Question

Evaluate\(\mathop {\lim }\limits_{x \to 2} \frac{{\sqrt {6 - x} - 2}}{{\sqrt {3 - x} - 1}}\).

Short answer

The value of limit is \(\mathop {\lim }\limits_{x \to 2} \,\,\frac{{\sqrt {6 - x} - 2}}{{\sqrt {3 - x} - 1}} = \frac{1}{2}\).

Step-by-step solution

Rationalize the given function

Rationalize the given function by multiplying the conjugate of denominator and numerator as follows:

\(\mathop {\lim }\limits_{x \to 2} \,\,\frac{{\sqrt {6 - x} - 2}}{{\sqrt {3 - x} - 1}} = \mathop {\lim }\limits_{x \to 2} \,\,\frac{{\sqrt {6 - x} - 2}}{{\sqrt {3 - x} - 1}} \cdot \frac{{\sqrt {6 - x} + 2}}{{\sqrt {6 - x} + 2}} \cdot \frac{{\sqrt {3 - x} + 1}}{{\sqrt {3 - x} + 1}}\)
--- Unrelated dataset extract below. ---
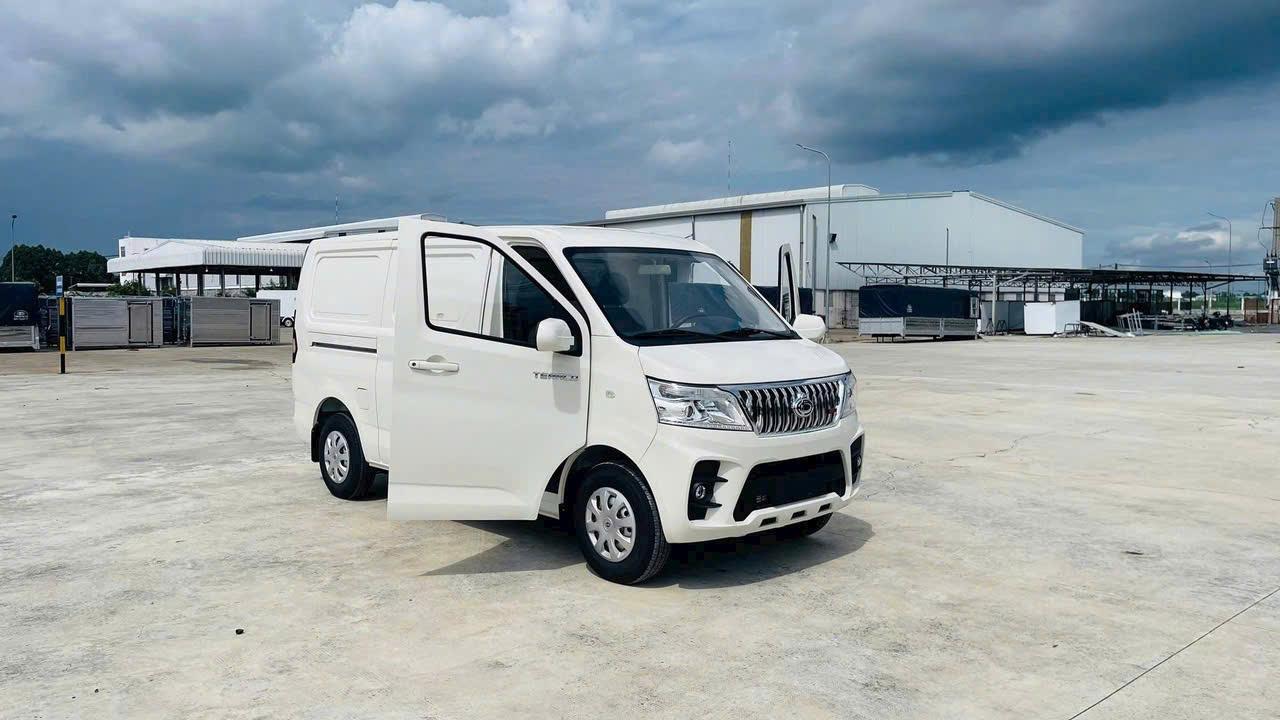 TERA-V6 GIÁ CỰC SỐC - TRẢ TRƯỚC CHỈ TỪ 69 TRIỆU ĐỒNG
Simplify the above expression

Simplify the above obtained expression using formula\(\left( {a + b} \right)\left( {a - b} \right) = {a^2} - {b^2}\), as shown below:

\(\begin{aligned}\mathop {\lim }\limits_{x \to 2} \,\,\frac{{\sqrt {6 - x} - 2}}{{\sqrt {3 - x} - 1}} &= \mathop {\lim }\limits_{x \to 2} \,\,\frac{{\sqrt {6 - x} - 2}}{{\sqrt {3 - x} - 1}} \cdot \frac{{\sqrt {6 - x} + 2}}{{\sqrt {6 - x} + 2}} \cdot \frac{{\sqrt {3 - x} + 1}}{{\sqrt {3 - x} + 1}}\\ &= \mathop {\lim }\limits_{x \to 2} \,\frac{{{{\left( {\sqrt {6 - x} } \right)}^2} - {2^2}}}{{{{\left( {\sqrt {3 - x} } \right)}^2} - {1^2}}} \cdot \frac{{\sqrt {3 - x} + 1}}{{\sqrt {6 - x} + 2}}\\ &= \mathop {\lim }\limits_{x \to 2} \,\frac{{6 - x - 4}}{{3 - x - 1}} \cdot \frac{{\sqrt {3 - x} + 1}}{{\sqrt {6 - x} + 2}}\\ &= \mathop {\lim }\limits_{x \to 2} \,\frac{{2 - x}}{{2 - x}} \cdot \frac{{\sqrt {3 - x} + 1}}{{\sqrt {6 - x} + 2}}\\\mathop {\lim }\limits_{x \to 2} \,\frac{{\sqrt {3 - x} + 1}}{{\sqrt {6 - x} + 2}}\end{aligned}\).

Apply the limit

Finally, apply the limit by plugging\(x = 2\)into the simplified expression as:

\(\begin{aligned}\mathop {\lim }\limits_{x \to 2} \,\frac{{\sqrt {3 - x} + 1}}{{\sqrt {6 - x} + 2}} &= \frac{{\sqrt {3 - 2} + 1}}{{\sqrt {6 - 2} + 2}}\\ &= \frac{{1 + 1}}{{2 + 2}}\\ &= \frac{2}{4}\\ &= \frac{1}{2}\end{aligned}\)

Thus, the value of limit is \(\mathop {\lim }\limits_{x \to 2} \,\,\frac{{\sqrt {6 - x} - 2}}{{\sqrt {3 - x} - 1}} = \frac{1}{2}\).